◆ ACTIVITY ◆
If an entry holds a picture, leave that picture out. Give everything else again exactly.

◆ RECORDED INFORMATION ◆
◆ ◆ ◆ ◆
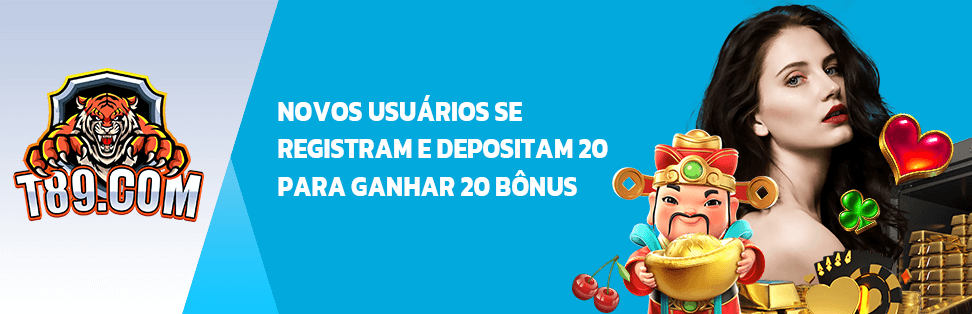 melhores jogos slots para ganhar dinheiro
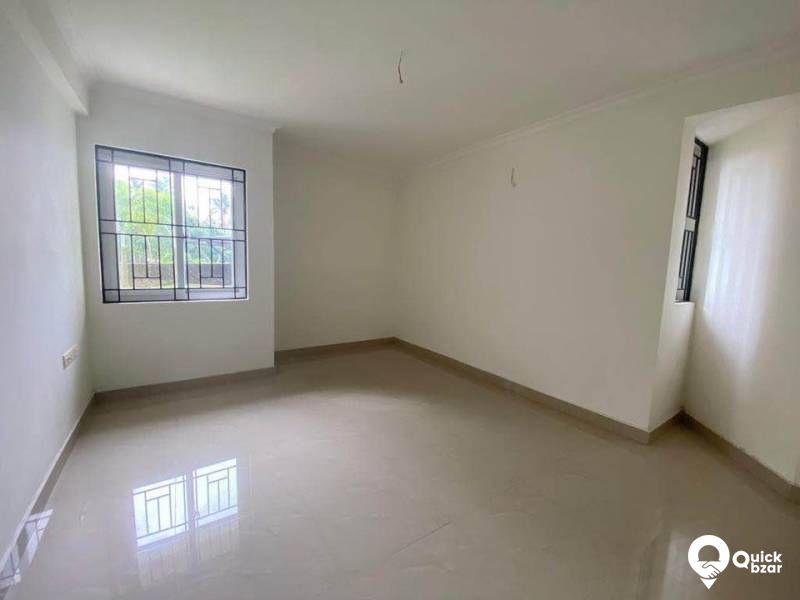 3BHK FLAT FOR SALE AT KAKKANAD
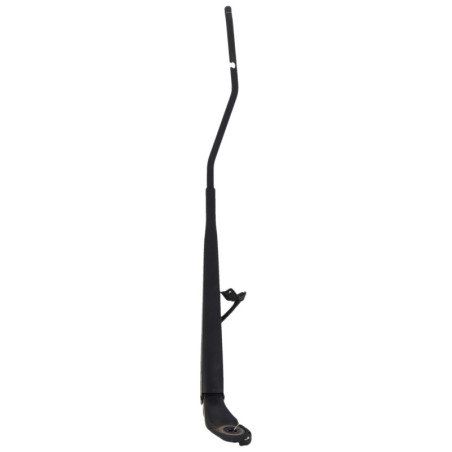 Bras essuie glace avant droit CITROEN C4 CACTUS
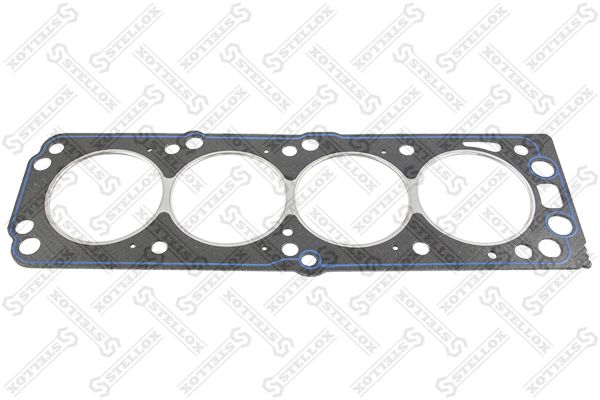 STELLOX 11-25007-SX Gasket, cylinder head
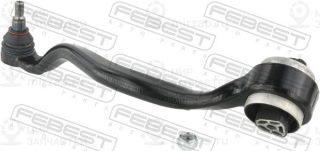 Запчасть FEBEST 1924F15FLFR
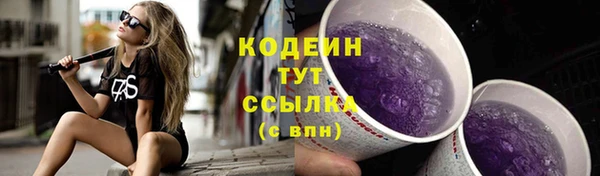 скорость Гусиноозёрск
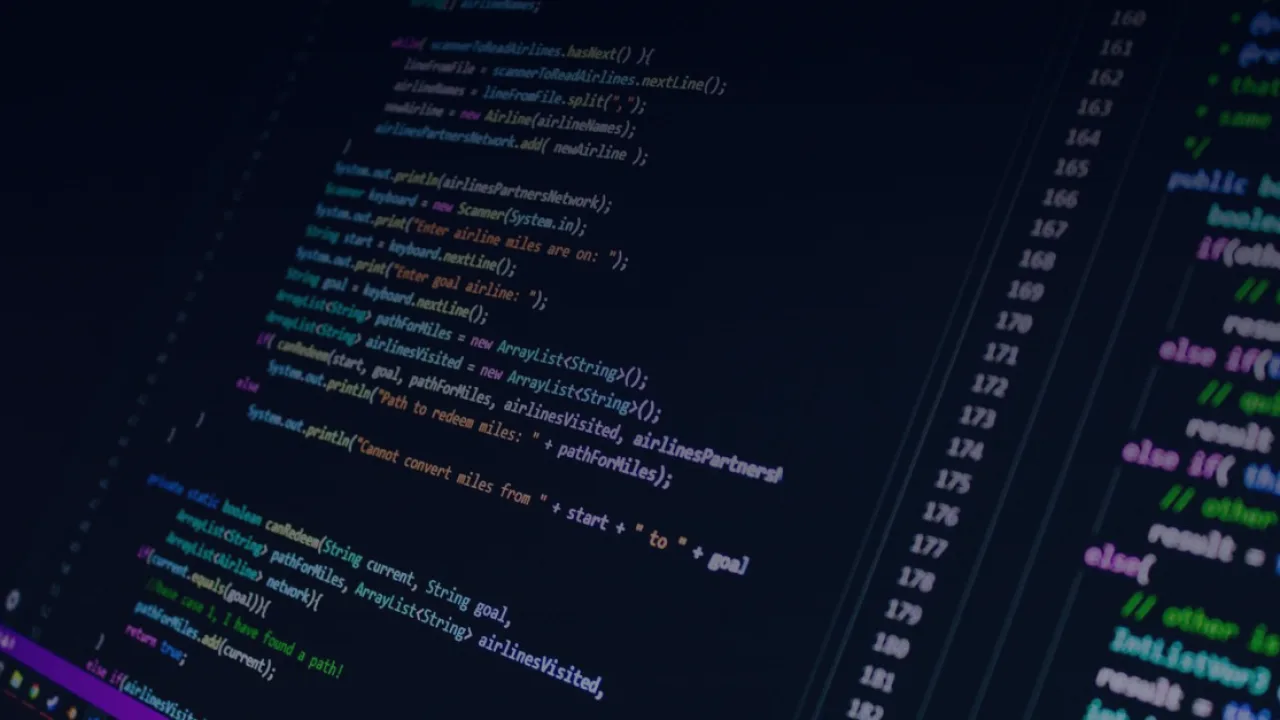 GitHub altera padrões de segurança no npm e actions e gera debate sobre prazos de espera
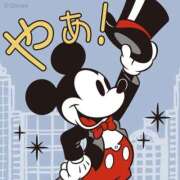 ヒメ日記 2026/02/07 20:01 投稿 ★宮里 みお★ デリイズム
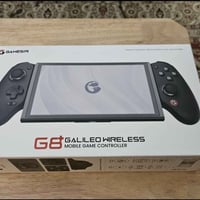 استعمال كلش قليل • أربيل • إلكترونيات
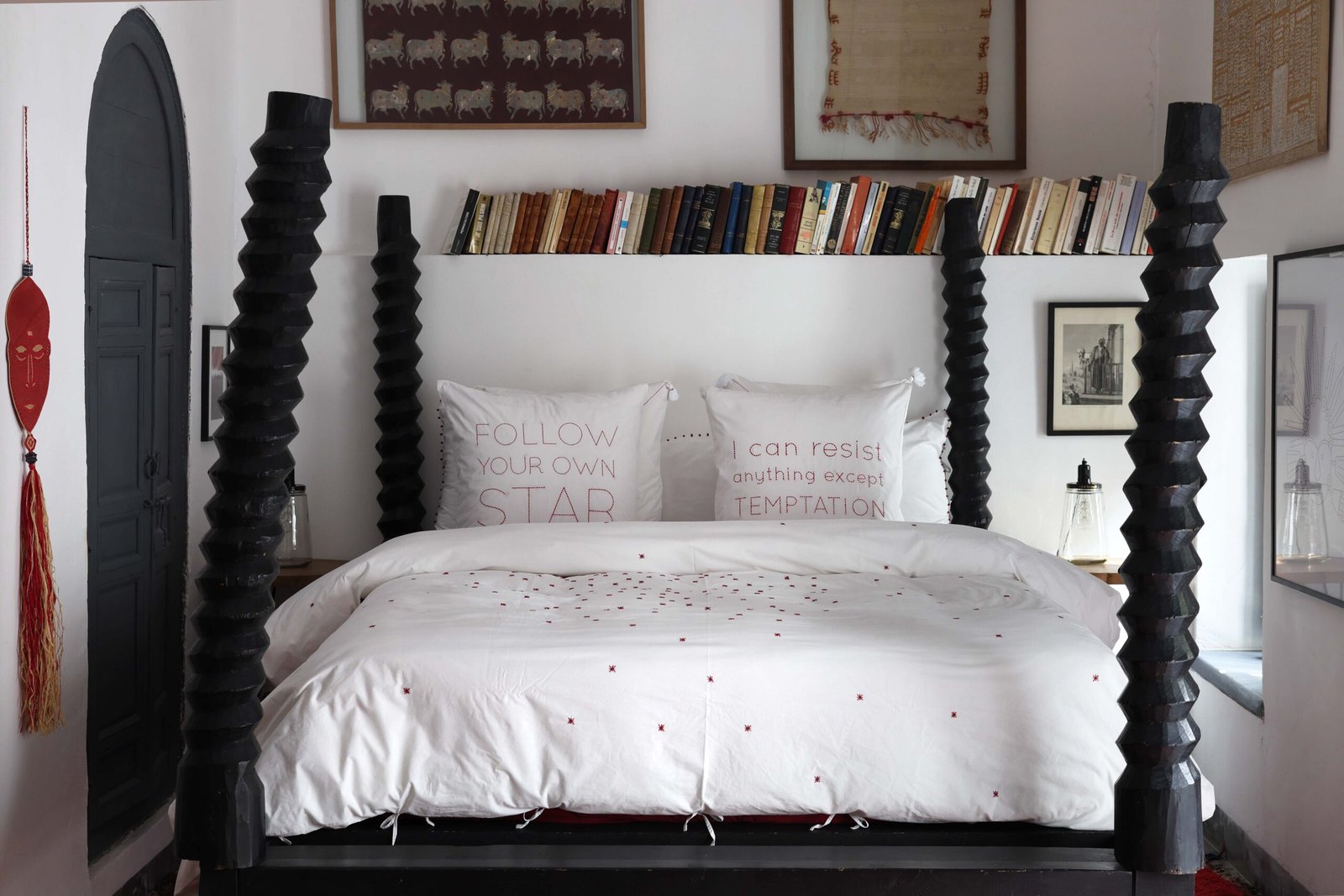 VALERIE_BARKOWSKI_DAR_KAWA_RIAD_MARRAKECH_OLMASSI_SUITE_CREDIT_TANIA_PANOVA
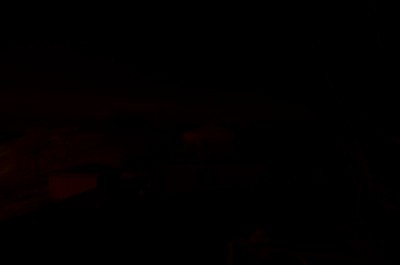 DSC_0014.JPG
◆ ◆ ◆ ◆
◆ RESPONSE BOX ◆
 melhores jogos slots para ganhar dinheiro
 3BHK FLAT FOR SALE AT KAKKANAD
 Bras essuie glace avant droit CITROEN C4 CACTUS
 STELLOX 11-25007-SX Gasket, cylinder head
 Запчасть FEBEST 1924F15FLFR
 скорость Гусиноозёрск
 GitHub altera padrões de segurança no npm e actions e gera debate sobre prazos de espera
 ヒメ日記 2026/02/07 20:01 投稿 ★宮里 みお★ デリイズム
 استعمال كلش قليل • أربيل • إلكترونيات
 VALERIE_BARKOWSKI_DAR_KAWA_RIAD_MARRAKECH_OLMASSI_SUITE_CREDIT_TANIA_PANOVA
 DSC_0014.JPG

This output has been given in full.